Cardinal Cantalamessa : Cheminer avec Marie pendant l’Avent

Le cardinal Raniero Cantalamessa, prédicateur de la Maison papale, prononce sa deuxième homélie de l’Avent au pape François.

Par Joseph Tulloch

Dans son deuxième sermon pour l’Avent 2023, le cardinal Raniero Cantalamessa a médité sur le chemin de foi de Marie.

Le cardinal, frère franciscain, a prononcé son homélie vendredi matin devant la maison papale, y compris le pape François lui-même.

Le voyage spirituel de Marie

Le cardinal Cantalamessa a commencé son homélie en soulignant que pendant longtemps les chrétiens n’ont pas su apprécier la richesse du chemin spirituel de Marie.

« Il était évident, dit-il, qu’elle avait fait son acte de foi au moment de l’Annonciation et qu’elle y était restée toute sa vie ».

Cela a changé, a noté le frère italien, avec le Concile Vatican II, qui a affirmé que Marie « a avancé dans le pèlerinage de la foi » (LG, 58).

Le Cardinal a ensuite souligné la variété du cheminement spirituel de Marie : « l’enthousiasme joyeux » de sa rencontre avec Elisabeth, la révélation choquante de la prophétie de Siméon, et « tous les hauts et les bas de la vie de son Fils », qui se termine enfin par la Croix.

« De Marie, conclut le cardinal Cantalamessa, nous devons dire, à plus forte raison, ce que l’Apôtre dit d’Abraham : Marie a cru, espérant contre toute espérance, et c’est ainsi qu’elle est devenue la mère de nombreux peuples. Notre mère dans la foi !

Rejoindre Marie dans la croyance

Le cardinal Cantalamessa a ensuite cité saint Augustin : « Marie a cru et dans sa vie ce qu’elle croyait s’est réalisé. Croyons aussi, pour que ce qui s’est réalisé en elle puisse nous aussi profiter !

Pour donner un « contexte actuel » à ces paroles d’Augustin, le frère italien s’est tourné vers une phrase de l’écrivain français Blaise Pascal : « Le cœur a ses raisons que la raison ne connaît pas… Le cœur, et non la raison, sent Dieu. »

Il appelle ainsi ses auditeurs, citant toujours Pascal, à « Retournez à votre cœur ! »

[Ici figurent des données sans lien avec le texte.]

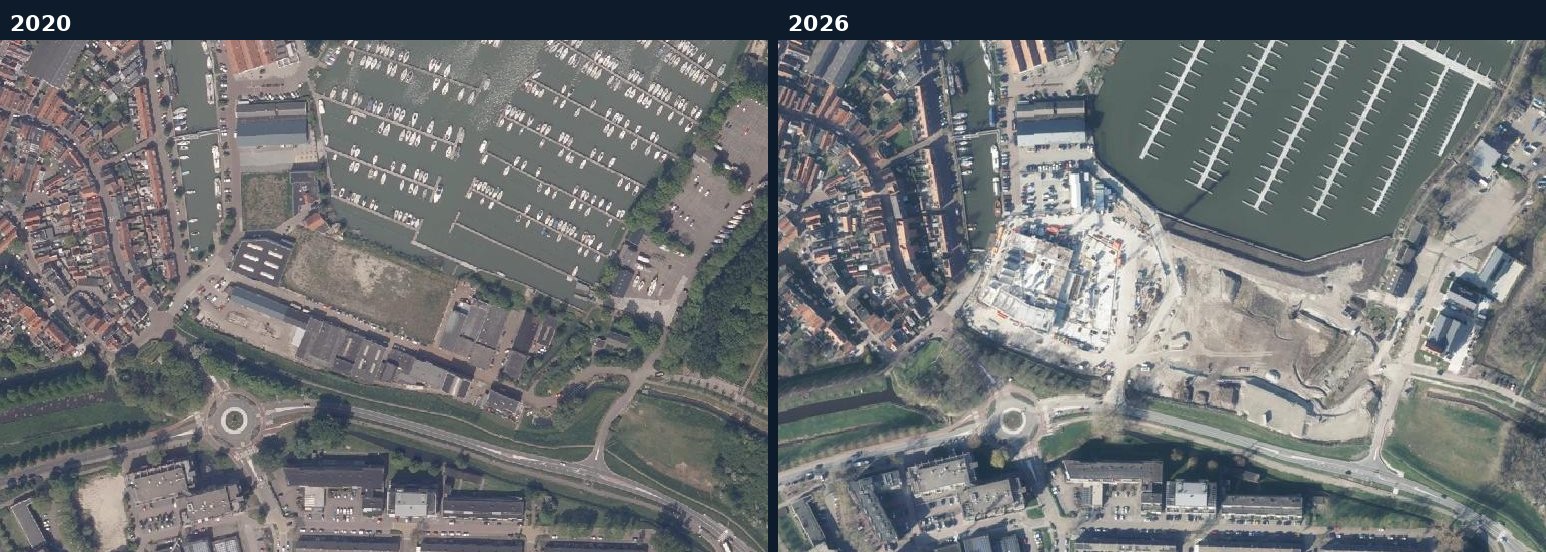 Luchtfoto van een bouwlocatie in Waterland in 2020 en 2026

« Revenez de vos errances qui vous ont égaré ; revenez au Seigneur… Retournez au cœur : examinez là ce que vous percevez peut-être de Dieu, car l’image de Dieu s’y trouve. Le Christ demeure dans l’intériorité de l’homme.

À Noël, invitez Jésus dans votre cœur

Le cardinal Cantalamessa a conclu son sermon en encourageant à « ouvrir la porte de notre cœur » et à « en faire un berceau pour l’enfant Jésus, en lui faisant ressentir, dans la fraîcheur de ce monde, la chaleur de notre amour et de notre infinie gratitude. »

« Ceci », a-t-il suggéré, « n’est pas seulement une belle fiction poétique ; c’est l’entreprise la plus difficile de la vie. Donner naissance à Jésus signifie se laisser mourir, ou du moins renouveler la décision de ne plus vivre pour nous-mêmes, mais pour Celui qui est né, est mort et est ressuscité pour nous.»

Cet engagement, a souligné le cardinal Cantalamessa, « ne se terminera pas avec Noël, mais il pourrait commencer avec lui ».